Breakfast for Dinner With a Glass of Wine
Montague Diner, NoMad Diner and Bubby’s have all the pancakes, syrup and eggs you need at 8 p.m.
When I was in elementary school, my dad often traveled for work. My sister and I whined and moaned about it, but there were two silver linings: 1. We’d each be getting new Beanie Babies, purchased at whichever airport he was flying out of, and 2. Our mom would make breakfast for dinner while he was gone.
At age eight, a morning meal consumed at night seemed subversive and luxurious. A decade later, being able to eat hash browns and waffles at 2 in the morning in any number of old-school diners was equally exciting. But lately I’ve fallen for a fancier kind of breakfast for dinner — complete with natural wines, cocktails and warm lighting — that just may interest you all, too.
Chocolate chip pancakes and ice cream
A few months ago, I stopped by Montague Diner in Brooklyn Heights for an early dinner after reading my friend Chris Crowley’s very compelling spring preview of the restaurant. Supposedly opened on a dare by a collective of first-time restaurant owners and the chefs at Margot in Fort Greene, Montague’s whole deal is “What if a diner were sexy?” What if it were more Edward Hopper than Norman Rockwell?
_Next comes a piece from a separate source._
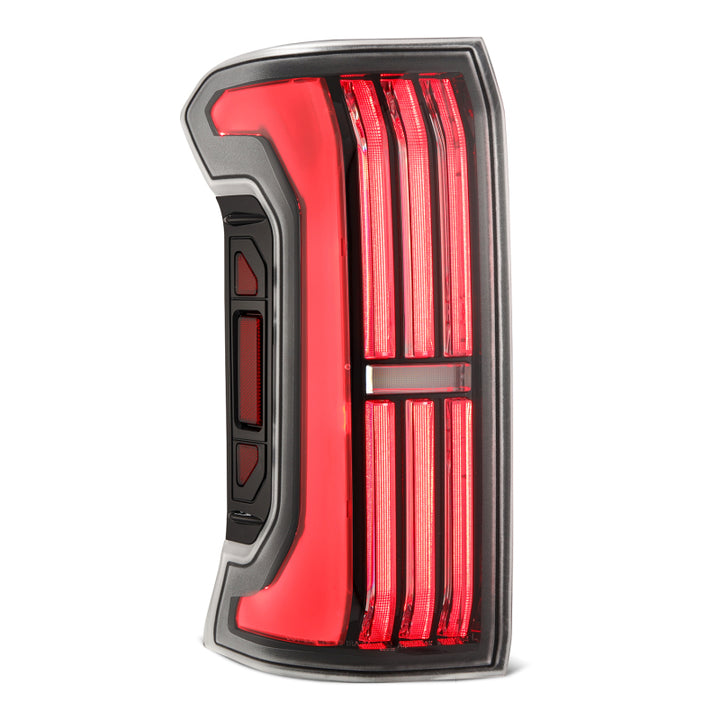 AlphaRex 24-25 Toyota Tacoma NOVA-Series LED Prismatic Tail Lights - Black - Bull Strap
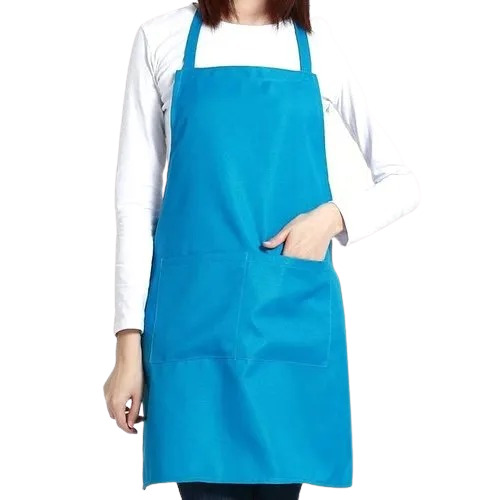नीला आरामदायक और डबल पॉकेट प्लेन पॉलिएस्टर किचन बिब एप्रन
Before you roll your eyes at yet another aesthetic diner, the prices are surprisingly fair: Everything on the light breakfast section of the menu — steel cut oatmeal, yogurt and granola, a bagel with cream cheese — is $9 or less. And there’s an early bird special (served from 7 a.m. to 9 a.m. on weekdays) that includes eggs, bacon, toast, orange juice and coffee for $13.50. I went for the corned beef hash and eggs ($16), a glass of orange wine and the pancake split — a plate-size chocolate chip pancake smothered in syrup, chocolate sauce and topped with a scoop of vanilla ice cream and whipped cream ($17). Which is all to say, you can make any visit to Montague as cheap or as expensive as you’d like.